Spooky month is over; my goal for November is to laugh. That's it, that's the whole thing.
* TL/DR: I don't think I can really deal with society's machismo right now, and definitely not Society's Machismo That Lives In My Own Family.
Here's the thing: I do, as a matter of fact, like AMAB people (boys). I specifically do pretty well with hyperactive boys and autistic boys. I also have this set of beliefs about Being a Boy that have been shaped by experience and are as likely wrong as right but the upshot of those are things like: "I can never really know what it's like to be another person, but maybe especially not a boy/man." "Being a boy involves a specific type of pressure and set of expectations that vary from culture to culture but which are usually homogenous and super-negatively impact mental/emotional health and oh by the way most cultures don't offer significant emotional/mental health help to boys/men." Which isn't to say that boys/men aren't, culturally speaking, powerful and that raising Good Men(tm) isn't important. It fucking is. And huge thank you's to the men I know who are The Literal Best whether that be through nature, nurture or a combination. But all that to say I don't believe this to be the right time, place, or combination of people (family, extended family) to provide a male child with the stuff he needs to be successful in The Apocalypse. Woof. I don't think I explained that well. Shutting up now.

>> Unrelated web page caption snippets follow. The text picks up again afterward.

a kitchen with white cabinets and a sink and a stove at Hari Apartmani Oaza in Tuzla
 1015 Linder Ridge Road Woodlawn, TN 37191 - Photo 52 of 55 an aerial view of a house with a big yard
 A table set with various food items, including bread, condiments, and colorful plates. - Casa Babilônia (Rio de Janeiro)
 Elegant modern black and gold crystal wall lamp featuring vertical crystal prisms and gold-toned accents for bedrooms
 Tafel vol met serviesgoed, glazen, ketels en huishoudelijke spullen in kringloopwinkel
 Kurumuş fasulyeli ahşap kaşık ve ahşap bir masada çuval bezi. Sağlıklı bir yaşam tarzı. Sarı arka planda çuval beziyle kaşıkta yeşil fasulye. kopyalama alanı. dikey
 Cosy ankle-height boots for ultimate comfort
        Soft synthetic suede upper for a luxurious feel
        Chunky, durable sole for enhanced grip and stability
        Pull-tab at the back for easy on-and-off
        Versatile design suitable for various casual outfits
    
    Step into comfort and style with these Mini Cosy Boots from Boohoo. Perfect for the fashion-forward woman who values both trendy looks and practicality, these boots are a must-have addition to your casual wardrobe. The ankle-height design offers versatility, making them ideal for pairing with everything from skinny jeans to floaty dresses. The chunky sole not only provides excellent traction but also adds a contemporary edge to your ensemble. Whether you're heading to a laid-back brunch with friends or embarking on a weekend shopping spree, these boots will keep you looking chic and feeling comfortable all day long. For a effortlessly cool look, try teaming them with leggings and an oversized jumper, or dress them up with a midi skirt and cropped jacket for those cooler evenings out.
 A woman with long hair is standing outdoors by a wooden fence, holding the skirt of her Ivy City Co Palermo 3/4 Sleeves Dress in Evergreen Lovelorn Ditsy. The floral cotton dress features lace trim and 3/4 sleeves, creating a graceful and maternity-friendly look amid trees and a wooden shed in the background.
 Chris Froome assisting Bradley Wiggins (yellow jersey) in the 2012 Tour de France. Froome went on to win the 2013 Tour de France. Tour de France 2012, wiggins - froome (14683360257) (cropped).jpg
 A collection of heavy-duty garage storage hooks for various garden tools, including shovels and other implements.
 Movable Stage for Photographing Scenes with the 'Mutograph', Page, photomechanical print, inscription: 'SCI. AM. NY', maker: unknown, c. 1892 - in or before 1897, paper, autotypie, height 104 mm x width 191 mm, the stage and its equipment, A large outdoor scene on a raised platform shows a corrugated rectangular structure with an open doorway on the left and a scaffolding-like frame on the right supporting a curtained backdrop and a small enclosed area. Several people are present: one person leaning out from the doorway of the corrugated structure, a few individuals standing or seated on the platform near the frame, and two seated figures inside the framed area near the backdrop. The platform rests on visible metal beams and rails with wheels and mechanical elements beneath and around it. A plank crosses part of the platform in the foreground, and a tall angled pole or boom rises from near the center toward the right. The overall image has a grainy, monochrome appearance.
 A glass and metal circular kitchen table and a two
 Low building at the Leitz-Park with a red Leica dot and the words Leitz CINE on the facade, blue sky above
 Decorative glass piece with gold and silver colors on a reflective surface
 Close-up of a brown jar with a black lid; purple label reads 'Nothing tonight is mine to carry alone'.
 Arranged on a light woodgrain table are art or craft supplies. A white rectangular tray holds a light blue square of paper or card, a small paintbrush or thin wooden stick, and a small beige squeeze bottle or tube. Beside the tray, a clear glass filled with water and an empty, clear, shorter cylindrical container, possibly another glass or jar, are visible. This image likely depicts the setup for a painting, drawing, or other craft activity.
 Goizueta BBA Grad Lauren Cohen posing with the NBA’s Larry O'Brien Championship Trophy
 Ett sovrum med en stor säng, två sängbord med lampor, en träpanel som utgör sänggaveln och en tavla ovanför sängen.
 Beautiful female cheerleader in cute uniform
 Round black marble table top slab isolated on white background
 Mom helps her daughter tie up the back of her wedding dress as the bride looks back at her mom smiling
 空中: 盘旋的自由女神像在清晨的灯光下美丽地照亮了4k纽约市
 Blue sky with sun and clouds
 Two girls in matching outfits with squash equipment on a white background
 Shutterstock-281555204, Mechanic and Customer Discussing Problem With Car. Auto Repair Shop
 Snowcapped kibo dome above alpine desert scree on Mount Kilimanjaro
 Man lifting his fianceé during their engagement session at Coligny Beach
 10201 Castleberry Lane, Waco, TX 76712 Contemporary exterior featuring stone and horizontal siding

**Yeah, I don't know. I'm a hundred percent depressed. Possibly in some type of neurodivergent burnout? They make us fill out this little Wellness Wheel in school and mine looks...not that bad, actually...but some important things are missing like friendships and self-care. And what, exactly, is there to do about any of that? I. Am. Stuck. Actually. Things keep coming up that point me in the philosophical direction of "Okay, well, in order to do anything about anything the first step is to take accountability for your role in why you feel the way you do/why your life is the way it is." Which is great and all, but I'm definitely in the pre-contemplation phase. It's hard to string two thoughts together much less have a whole self-examen about autonomy, volition, and phase of life.